══ SOURCE DATA

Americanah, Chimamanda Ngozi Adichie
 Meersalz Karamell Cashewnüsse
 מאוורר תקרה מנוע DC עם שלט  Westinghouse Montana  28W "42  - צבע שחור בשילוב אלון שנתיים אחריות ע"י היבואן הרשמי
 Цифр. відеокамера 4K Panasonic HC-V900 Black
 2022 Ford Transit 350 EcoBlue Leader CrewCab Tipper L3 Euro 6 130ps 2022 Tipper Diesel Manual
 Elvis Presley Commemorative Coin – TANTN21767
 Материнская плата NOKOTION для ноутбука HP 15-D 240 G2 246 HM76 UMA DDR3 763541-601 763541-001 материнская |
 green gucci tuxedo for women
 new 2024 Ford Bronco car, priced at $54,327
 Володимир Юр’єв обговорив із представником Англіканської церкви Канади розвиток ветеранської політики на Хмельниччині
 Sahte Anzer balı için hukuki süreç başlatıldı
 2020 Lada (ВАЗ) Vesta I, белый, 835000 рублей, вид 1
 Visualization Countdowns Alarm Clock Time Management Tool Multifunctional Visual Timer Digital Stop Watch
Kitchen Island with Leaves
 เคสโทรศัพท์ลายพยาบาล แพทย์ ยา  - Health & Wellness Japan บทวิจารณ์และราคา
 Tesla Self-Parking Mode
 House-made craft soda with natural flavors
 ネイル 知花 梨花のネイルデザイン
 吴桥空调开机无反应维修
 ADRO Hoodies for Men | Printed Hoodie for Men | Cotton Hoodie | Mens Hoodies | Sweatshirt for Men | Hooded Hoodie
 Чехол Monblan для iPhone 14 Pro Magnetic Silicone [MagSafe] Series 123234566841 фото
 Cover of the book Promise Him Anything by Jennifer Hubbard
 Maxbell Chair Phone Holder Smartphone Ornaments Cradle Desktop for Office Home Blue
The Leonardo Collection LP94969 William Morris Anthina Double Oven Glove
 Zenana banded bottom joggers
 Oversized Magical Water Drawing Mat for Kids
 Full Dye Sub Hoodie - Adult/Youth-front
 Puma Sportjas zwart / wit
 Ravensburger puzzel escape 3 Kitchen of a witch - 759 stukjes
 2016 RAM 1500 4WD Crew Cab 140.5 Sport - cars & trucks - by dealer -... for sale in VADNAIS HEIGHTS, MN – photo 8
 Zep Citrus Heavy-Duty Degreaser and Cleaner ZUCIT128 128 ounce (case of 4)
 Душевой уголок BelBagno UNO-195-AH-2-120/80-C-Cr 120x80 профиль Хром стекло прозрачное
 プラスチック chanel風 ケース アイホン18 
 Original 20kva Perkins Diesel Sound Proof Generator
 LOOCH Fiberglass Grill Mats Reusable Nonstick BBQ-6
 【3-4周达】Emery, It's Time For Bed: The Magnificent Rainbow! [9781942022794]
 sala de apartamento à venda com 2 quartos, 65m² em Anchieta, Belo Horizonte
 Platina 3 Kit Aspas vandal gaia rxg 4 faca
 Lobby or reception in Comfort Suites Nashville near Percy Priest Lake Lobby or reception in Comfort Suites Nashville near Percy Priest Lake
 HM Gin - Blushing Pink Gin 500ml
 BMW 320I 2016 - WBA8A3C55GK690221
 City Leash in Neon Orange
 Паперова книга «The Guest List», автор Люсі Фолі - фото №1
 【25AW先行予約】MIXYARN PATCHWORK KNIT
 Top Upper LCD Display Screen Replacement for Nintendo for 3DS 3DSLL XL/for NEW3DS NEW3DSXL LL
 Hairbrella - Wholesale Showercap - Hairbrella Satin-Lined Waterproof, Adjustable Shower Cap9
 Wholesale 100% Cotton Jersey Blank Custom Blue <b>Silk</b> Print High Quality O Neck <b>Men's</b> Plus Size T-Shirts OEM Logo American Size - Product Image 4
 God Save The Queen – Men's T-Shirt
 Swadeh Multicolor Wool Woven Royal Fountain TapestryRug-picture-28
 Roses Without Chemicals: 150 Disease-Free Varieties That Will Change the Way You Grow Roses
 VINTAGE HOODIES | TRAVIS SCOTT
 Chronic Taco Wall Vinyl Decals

════

→ WHAT YOU HAVE TO DO
Go over the data above and copy every line that has the word "Ford" in it.

→ ANSWER SECTION
 2022 Ford Transit 350 EcoBlue Leader CrewCab Tipper L3 Euro 6 130ps 2022 Tipper Diesel Manual
 new 2024 Ford Bronco car, priced at $54,327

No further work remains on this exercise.